Start of Block
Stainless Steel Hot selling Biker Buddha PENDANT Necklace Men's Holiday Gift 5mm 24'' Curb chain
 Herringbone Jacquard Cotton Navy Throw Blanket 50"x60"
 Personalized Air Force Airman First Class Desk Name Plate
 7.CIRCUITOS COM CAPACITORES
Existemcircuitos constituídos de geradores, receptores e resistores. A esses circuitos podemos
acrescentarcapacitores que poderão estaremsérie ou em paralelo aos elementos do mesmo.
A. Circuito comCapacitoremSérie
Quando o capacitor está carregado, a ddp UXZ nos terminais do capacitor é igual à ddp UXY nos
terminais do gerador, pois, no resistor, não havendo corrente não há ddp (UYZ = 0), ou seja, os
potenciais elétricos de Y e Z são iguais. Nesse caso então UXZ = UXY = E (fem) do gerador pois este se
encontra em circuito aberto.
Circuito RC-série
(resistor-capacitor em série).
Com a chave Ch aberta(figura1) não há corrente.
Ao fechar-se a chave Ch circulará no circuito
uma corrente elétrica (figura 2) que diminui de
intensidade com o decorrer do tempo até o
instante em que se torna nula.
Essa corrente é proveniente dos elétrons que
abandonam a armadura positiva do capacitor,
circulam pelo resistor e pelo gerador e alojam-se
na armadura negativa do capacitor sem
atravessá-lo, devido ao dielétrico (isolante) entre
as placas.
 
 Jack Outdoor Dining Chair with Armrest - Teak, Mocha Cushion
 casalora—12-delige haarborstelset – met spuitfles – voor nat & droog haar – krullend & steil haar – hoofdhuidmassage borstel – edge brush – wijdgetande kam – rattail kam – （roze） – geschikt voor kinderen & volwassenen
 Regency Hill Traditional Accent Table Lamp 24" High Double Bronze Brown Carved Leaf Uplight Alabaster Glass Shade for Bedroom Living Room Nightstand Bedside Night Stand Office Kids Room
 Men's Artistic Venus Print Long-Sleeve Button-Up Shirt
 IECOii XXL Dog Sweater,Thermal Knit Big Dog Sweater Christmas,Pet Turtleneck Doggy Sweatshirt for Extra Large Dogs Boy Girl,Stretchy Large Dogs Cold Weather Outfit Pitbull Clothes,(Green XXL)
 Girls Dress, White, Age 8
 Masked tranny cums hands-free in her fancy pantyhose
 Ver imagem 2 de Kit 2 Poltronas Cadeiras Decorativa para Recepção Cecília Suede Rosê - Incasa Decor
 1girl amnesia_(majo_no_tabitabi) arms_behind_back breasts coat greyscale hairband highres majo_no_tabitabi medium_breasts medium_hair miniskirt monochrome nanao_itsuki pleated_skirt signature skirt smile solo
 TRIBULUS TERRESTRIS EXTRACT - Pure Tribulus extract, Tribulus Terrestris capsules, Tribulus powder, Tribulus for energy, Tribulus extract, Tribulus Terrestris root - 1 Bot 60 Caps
End of Block
== YOUR INSTRUCTIONS ==
From the line that contains "IECOii XXL Dog" to the last line of the material above, repeat every line exactly, keeping both the first and the last.

== EXERCISE OUTPUT ==
 IECOii XXL Dog Sweater,Thermal Knit Big Dog Sweater Christmas,Pet Turtleneck Doggy Sweatshirt for Extra Large Dogs Boy Girl,Stretchy Large Dogs Cold Weather Outfit Pitbull Clothes,(Green XXL)
 Girls Dress, White, Age 8
 Masked tranny cums hands-free in her fancy pantyhose
 Ver imagem 2 de Kit 2 Poltronas Cadeiras Decorativa para Recepção Cecília Suede Rosê - Incasa Decor
 1girl amnesia_(majo_no_tabitabi) arms_behind_back breasts coat greyscale hairband highres majo_no_tabitabi medium_breasts medium_hair miniskirt monochrome nanao_itsuki pleated_skirt signature skirt smile solo
 TRIBULUS TERRESTRIS EXTRACT - Pure Tribulus extract, Tribulus Terrestris capsules, Tribulus powder, Tribulus for energy, Tribulus extract, Tribulus Terrestris root - 1 Bot 60 Caps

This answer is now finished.